(concurring). The trial court found, solely on the basis of the ages of the children, that the children were of insufficient age to express a preference as to custody.1 In Flaherty v Smith, 87 Mich App 561; 274 NW2d 72 (1978), a panel of this Court held that in a close case it would be "clear legal error on a major issue”, as is contemplated by MCL 722.28; MSA 25.312(8), for the trial court to conclude, solely on the basis of the child’s age, that the child was incapable of expressing a preference as to custody. The implication of that case and of In re Custody of James B, 66 Mich App 133; 238 NW2d 550 (1975), was that the trial court must exercise, rather than abdicate, its discretion with respect to the determination of whether a child is of sufficient age to express a preference.
In addition, several panels of this Court have held that the trial court must evaluate each of the "best interest” factors of MCL 722.23; MSA 25.312(3) when deciding a custody issue. Arndt v Kasem, 135 Mich App 252; 353 NW2d 497 (1984); Williamson v Williamson, 122 Mich App 667; 333 NW2d 6 (1982). Thus, this writer would conclude that it is legal error to conclude, solely on the basis of a child’s age, that the child is incapable of *794expressing a preference. Yet, the majority concludes that there was no legal error with respect to the custody determination. In this writer’s opinion, the summary conclusion by the trial court that the children were of insufficient age to express a preference was error, but does not amount to clear legal error on a major issue.
In both In re Custody of James B, supra, and Flaherty, supra, the Court noted that the custody issue was a close one. In the case at bar, the trial court found that the best interest factors preponderated heavily in favor of the mother. This writer, and the majority, agree with that conclusion. It is quite clear that the outcome of this case would not have been affected had the trial judge determined that the children expressed a preference to live with their father.
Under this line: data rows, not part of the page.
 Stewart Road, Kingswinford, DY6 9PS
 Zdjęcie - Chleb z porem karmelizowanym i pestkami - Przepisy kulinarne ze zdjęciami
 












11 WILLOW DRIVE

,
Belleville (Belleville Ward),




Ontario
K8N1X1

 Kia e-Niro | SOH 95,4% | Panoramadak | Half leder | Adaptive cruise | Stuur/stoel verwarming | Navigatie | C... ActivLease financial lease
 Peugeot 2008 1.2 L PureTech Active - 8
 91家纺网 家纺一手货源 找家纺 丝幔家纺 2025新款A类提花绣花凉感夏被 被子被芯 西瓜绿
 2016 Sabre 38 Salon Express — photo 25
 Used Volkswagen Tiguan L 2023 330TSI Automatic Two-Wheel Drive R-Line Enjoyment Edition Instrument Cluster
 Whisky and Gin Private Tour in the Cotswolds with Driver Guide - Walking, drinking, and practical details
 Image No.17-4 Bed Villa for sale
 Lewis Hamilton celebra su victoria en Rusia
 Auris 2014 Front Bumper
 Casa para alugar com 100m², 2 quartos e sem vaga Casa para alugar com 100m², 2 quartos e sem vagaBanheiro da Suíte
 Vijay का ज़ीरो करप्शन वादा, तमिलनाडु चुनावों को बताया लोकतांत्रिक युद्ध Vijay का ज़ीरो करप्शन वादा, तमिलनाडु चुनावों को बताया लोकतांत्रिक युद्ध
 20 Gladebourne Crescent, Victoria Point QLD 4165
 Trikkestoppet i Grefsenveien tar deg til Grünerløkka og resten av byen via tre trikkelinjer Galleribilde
Where the best interest factors, other than the preference of the children, weigh heavily in favor of one party and where the age of the children is such that their preferences, albeit expressible, cannot overcome the other factors, this writer would conclude that the failure to exercise discretion to determine whether the children are of sufficient qge to express a preference is not "clear legal error on a major issue”. The stated purpose of that standard limiting appellate review is to "expedite the resolution of a child custody dispute by prompt and final adjudication”. MCL 722.28; MSA 25.312(8). That purpose would be ill-served if reversal were required by the trial court’s failure to inquire as to a child’s capacity to express a preference, under circumstances where the expression of a preference would not affect the outcome.
This writer agrees that the trial court did not err in awarding $25,000 in alimony in gross on the basis of defendant’s obtaining two advanced degrees during the course of the parties’ marriage. This *795conclusion is not based on the premise that an advanced degree is properly Considered as property. Woodworth v Woodworth, 126 Mich App 258; 337 NW2d 322 (1983), lv den 419 Mich 856 (1984). Nor does it run afoul of the. view that an advanced degree is not properly considered as property. Olah v Olah, 135 Mich App 404; 354 NW2d 359 (1984). Rather, it is based on the principle that marital property divisions should be equitable. While the effort at the semantical characterization of the path to that result might be interesting, the conclusion that the path is a "property” path or an "alimony” path should not change the appellate review of the results. The division of marital property in this case is equitable, and such a result should be affirmed.
During the course of the trial, one child was ten years old and the others attained the ages of seven and five. While this writer might agree that a child might, at some point, be incapable of expressing a preference solely because of his age, that cannot be said of the children in this case. Children of these ages are capable of expressing a preference, although the weight given to those expressions might be reduced by the age or immaturity of the particular child.